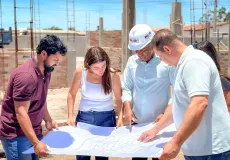 Prefeito de Prado, secretária de Saúde e equipe técnica acompanha obras da nova Unidade Básica de Saúde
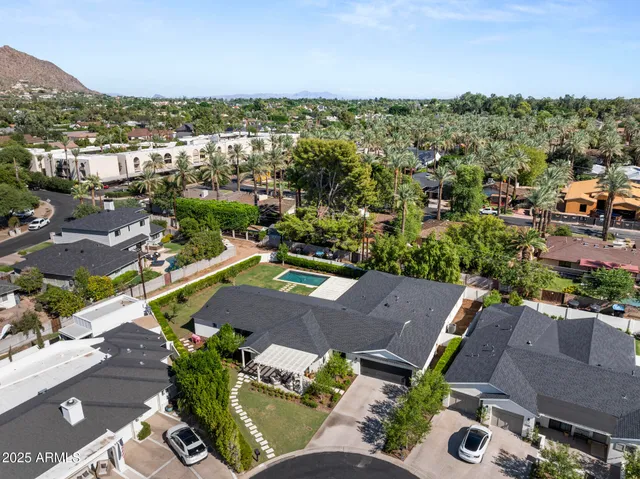 $3,899,999 | 4636 East Calle Ventura, Phoenix, AZ 85018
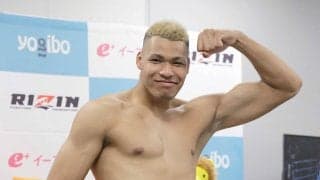 【RIZIN】「人生で一番気持ちいい」身長204センチのBDエドポロキング、1R鮮烈KOデビューで笑顔　経験を積んだら「UFCに行きたい」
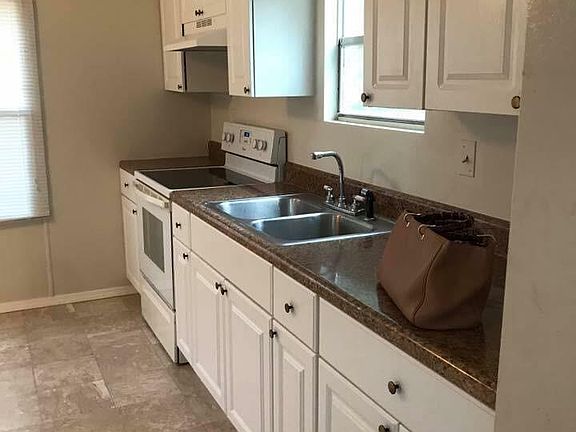 2nd image of 6724 Camelot Dr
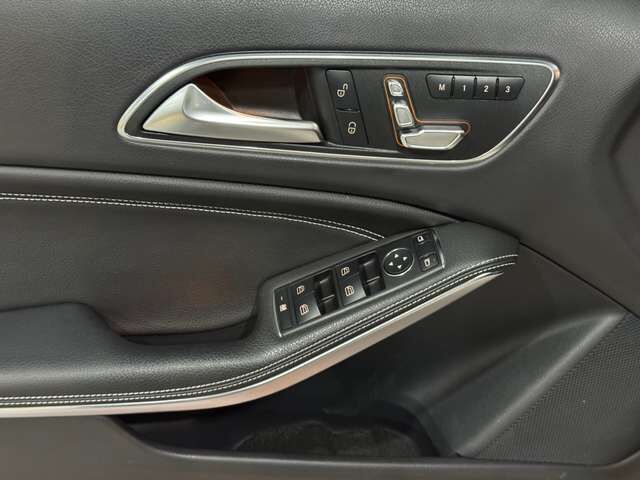 MERCEDES-BENZ A220 d AMG-Räder AMG-Kühlergrill Night-Paket AHK Ansicht 9 für Fahrzeugdetailseite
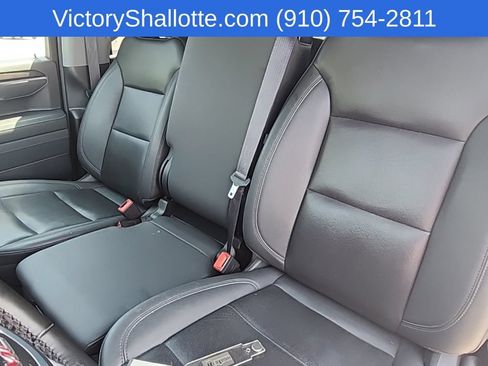 Used 2025 GMC Sierra 1500 SLT AWD/4WD image 24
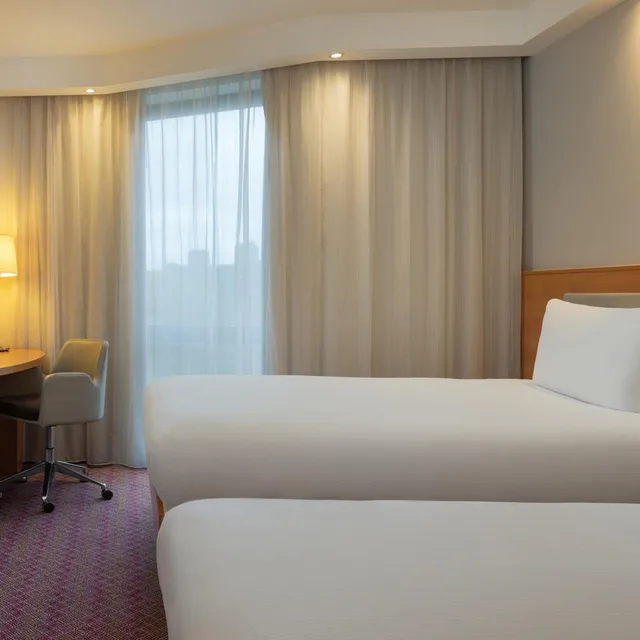 غرفة بسرير فردي، Hampton by Hilton London Waterloo Hotel 4/7
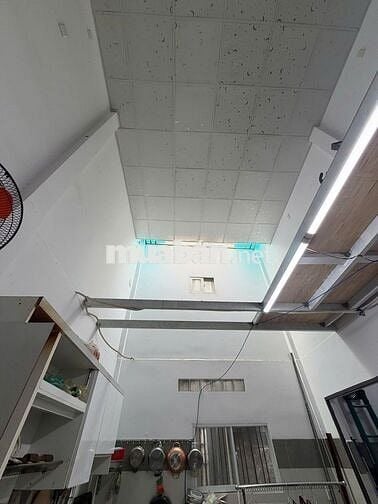 Bán nhà hẻm xe hơi sát mặt tiền ngay Chợ Bà Chiểu - 90m² nở hậu 8.7 tỷ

━━━━━━━━━━━━━━━━

## Exercise instructions
From the line containing "Used 2025 GMC" down to the last line of the data above, transcribe exactly those lines and no others; omit the pictures.

## Solution to this problem
 Used 2025 GMC Sierra 1500 SLT AWD/4WD image 24
 غرفة بسرير فردي، Hampton by Hilton London Waterloo Hotel 4/7
 Bán nhà hẻm xe hơi sát mặt tiền ngay Chợ Bà Chiểu - 90m² nở hậu 8.7 tỷ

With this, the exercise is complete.